Beginning 7

She wondered absently how it could have happened like this. She had run from home looking for answers, looking for something to fill the hole that remained after her parent's betrayal. It hadn't taken long for the thought to form. How to fill the hole left by the loss of a child It seemed obvious to a child's mind. And she was still a child, no matter how her innocence had been cast aside.

She had received no enjoyment from the action itself, the thought of the end result the only thing on her mind. Lying still and silent under the man's form as he moved above her and through her. Biting her lip until it bled. There were moments when she wondered if it was worth it

But now she was alone, and somehow that didn't seem to fit with her plans. The man hadn't stayed long enough to kiss her goodbye and it hadn't fit with any of her fairytales.

It had worked. It took her only weeks to confirm it. And now she was sick again, as she had been before, and it held some kind of strange comfort for her. There was no one here to betray her. No, this time she would see it through to the end.

The end it came sooner than she had expected. It wasn't painful as she wanted it to be, something that meant such a loss to her. There was blood but no pain and it disturbed her. Of course, there was some kind of pain. A ripping and tearing at her soul that pulled her so much closer to that whispered voice that had plagued her since that day - seeming so long ago now.

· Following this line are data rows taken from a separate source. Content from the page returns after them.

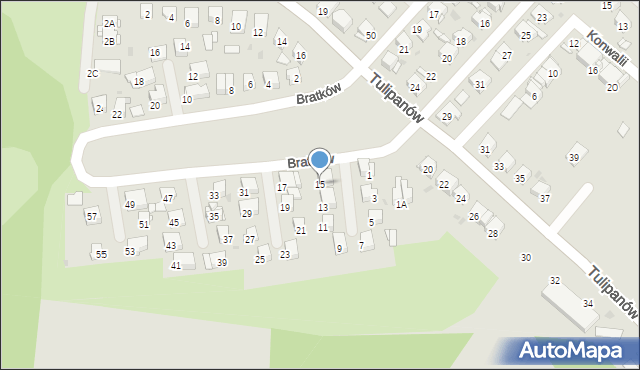 Bytom, Bratków, 15, mapa Bytomia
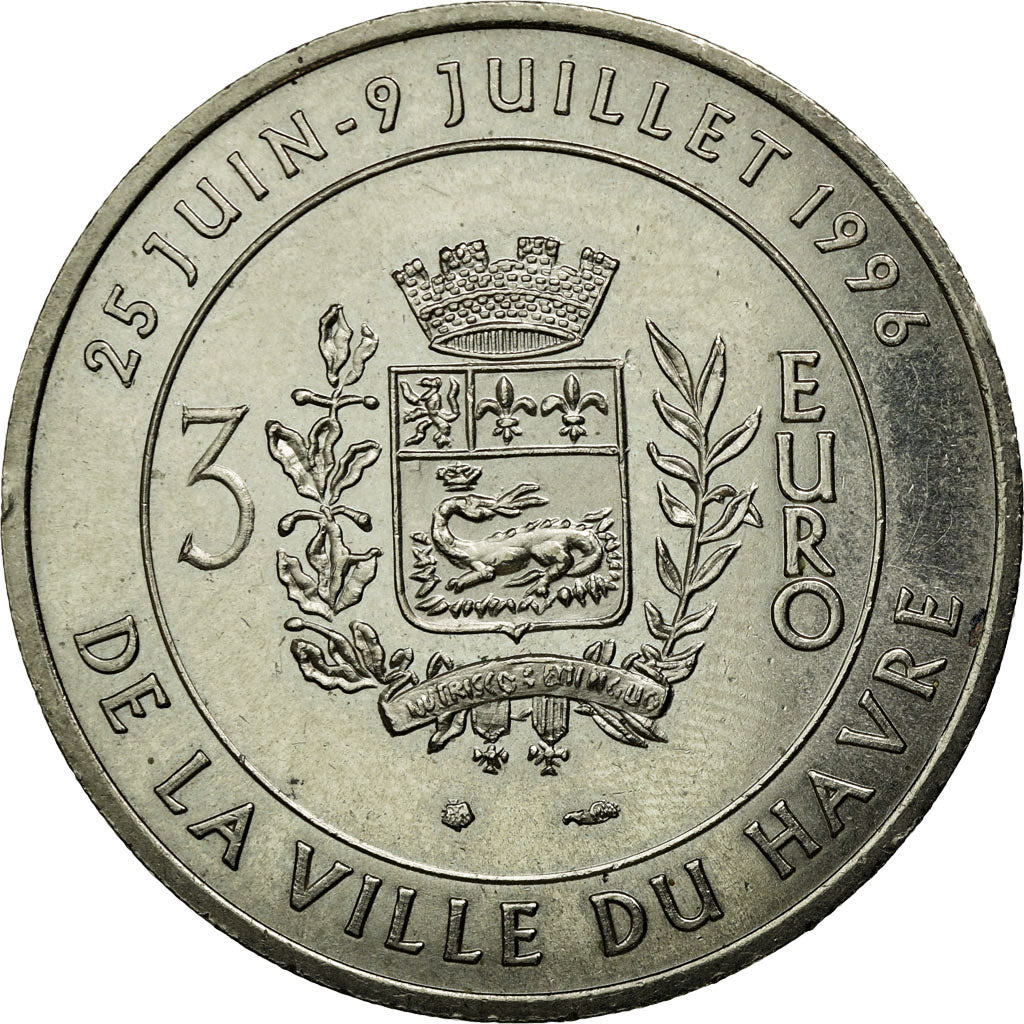 Francja, Medal, 3 Euro Ville du Havre, Pont de Normandie, 1996, EF(40-45)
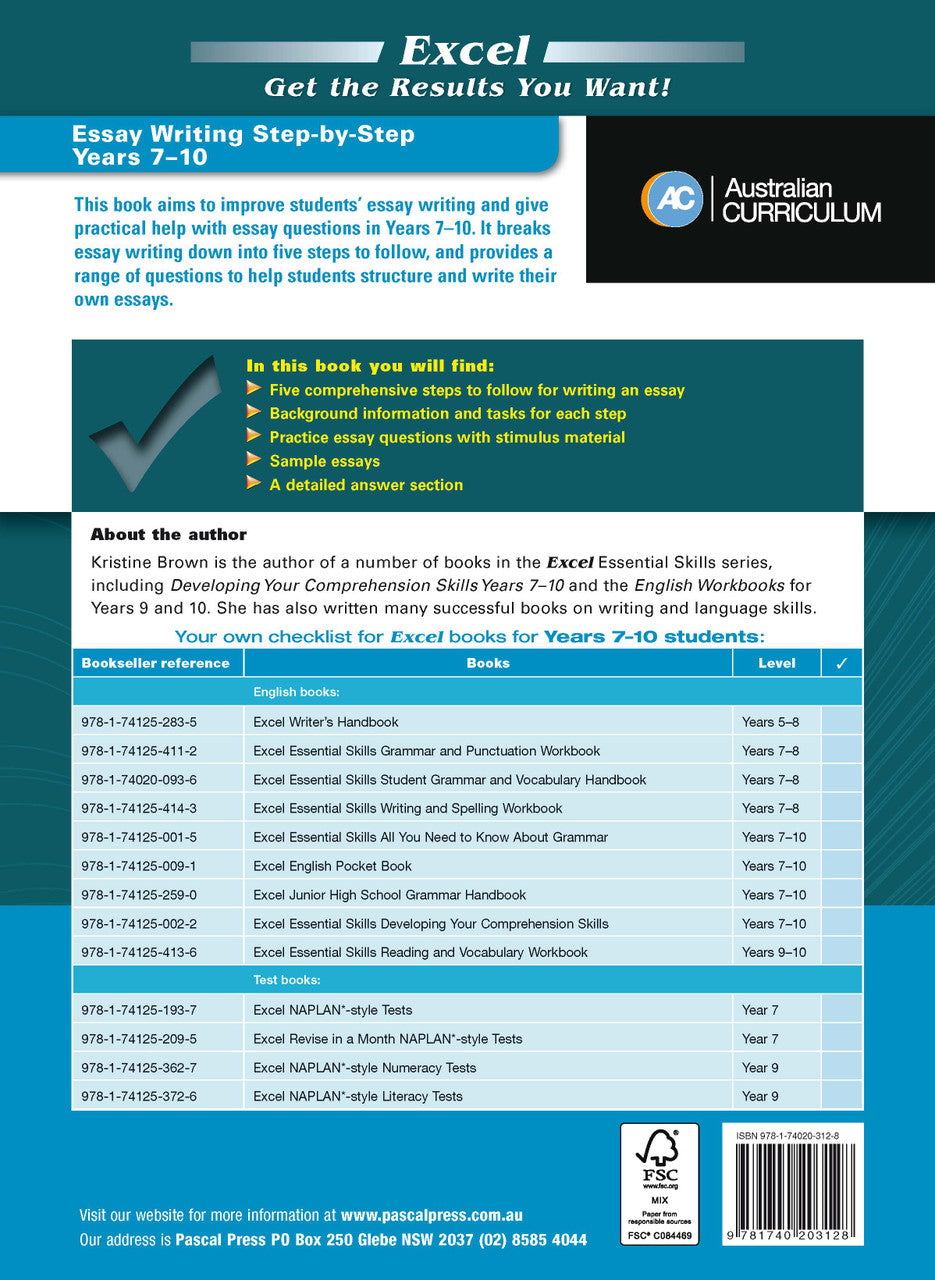 Final preview image from the publisher gallery for the Excel Essential Skills Essay Writing Step-by-Step workbook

It seemed only inevitable that the barrier that kept her apart from that voice would break. And it did

It was the silence that did it at first. The streets were so silent at night and in the silence there was nothing to distract her from that voice. Her soul was shattered and in pieces and no longer afforded her any protection. She was alone with the voice loud in her ears and she knew there was no way she could fight it any longer. She didn't notice her transition into a creature that thrived in the night, it was something that happened without any conscious thought. She didn't notice as her eyesight began to change or her strength build. She didn't even notice as she began to hunt, stretching skills she didn't know she had and learning new ones. As the night became a game.

It was a man who first made her realise that she had changed. He took her arm as she walked past him, tracking the smell of food. His ill intent thrummed through her as his heartbeat that she could hear so loud in her ears. She didn't notice him at first, pulling at her arm as if it were merely being disobedient. Turning to look she followed the hand that had her arm up to a body and then a face. She opened her mouth to tell him to release her and found the voice talking for her, pushing out a stream of incomprehensible syllables that sounded more animal than human. His eyes had widened at this and he had taken her arm tighter. She hadn't liked this, and had pulled away, swinging out with her other arm. Perhaps she had misjudged the power with which she had swung. Perhaps there was anger in that swing that she had been waiting to release. Perhaps she had wanted to kill that man.

What ever it had been, he fell to the ground and did not move again, his angry heartbeat stilled. That day the voice had become Shalimar. She released the last hint of humanity that she had been clinging to and fled.